Dr. Emanuel and Ms. Gudbranson do recognize the need to improve the ACA. But the fixes they propose fail to address the ACA’s diseased heart: the big government regulations, taxes, subsidies, and cronyism that dramatically drive up costs, limit choice, and demean quality.  

They’re right that more insurers are needed, but wrong to say that more regulatory compulsion is the way to achieve this. They’re right that insurers should cover larger geographic areas and risk bands, but wrong to say they should “be forced” to do this. Rather than enacting malpractice reform to reduce insurance costs, they would even use government coercion to have physicians “assume more financial risk for their clinical judgments.” This would increase the costs of both malpractice insurance and health care in general. But more government intervention cannot fix a problem that government intervention caused in the first place.

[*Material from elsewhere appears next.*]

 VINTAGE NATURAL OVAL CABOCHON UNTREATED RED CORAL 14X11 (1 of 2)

We do agree that the business tax credit for health-care costs should be expanded to insurance bought on exchanges — a reform that would increase competition and choice as well as strengthen exchanges. Generous and refundable tax credits should be part of any reform so that health care can become truly universal.

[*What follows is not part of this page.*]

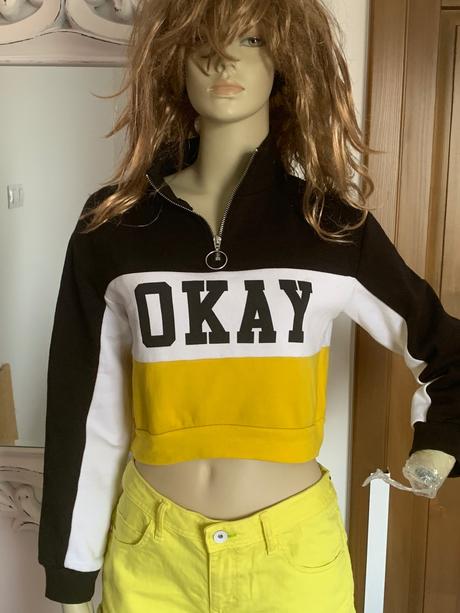 Crop mikina divided, xs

But the only way to truly fix the ACA is by striking at its root. That means repealing it and replacing it with a market-based health-care system that eliminates the existing web of regulations, mandates, taxes, and cronyism that distort the market and destroy the incentives necessary to bring down costs and improve the quality of care. 

(For the opposing view, see Ezekiel Emanuel and Emily Gudbranson, "Our Next Administration's Health-Care Agenda.") 


Ezekiel J. Emanuel, M.D., Ph.D., is the Vice Provost for Global Initiatives and Chair of the Department of Medical Ethics and Health Policy at the University of Pennsylvania. Emily Gudbranson is a senior research assistant to Dr. Emanuel. 

Andy Puzder is CEO of CKE Restaurants, Inc., a member of the Job Creators Network, and an economic advisor to the Trump campaign.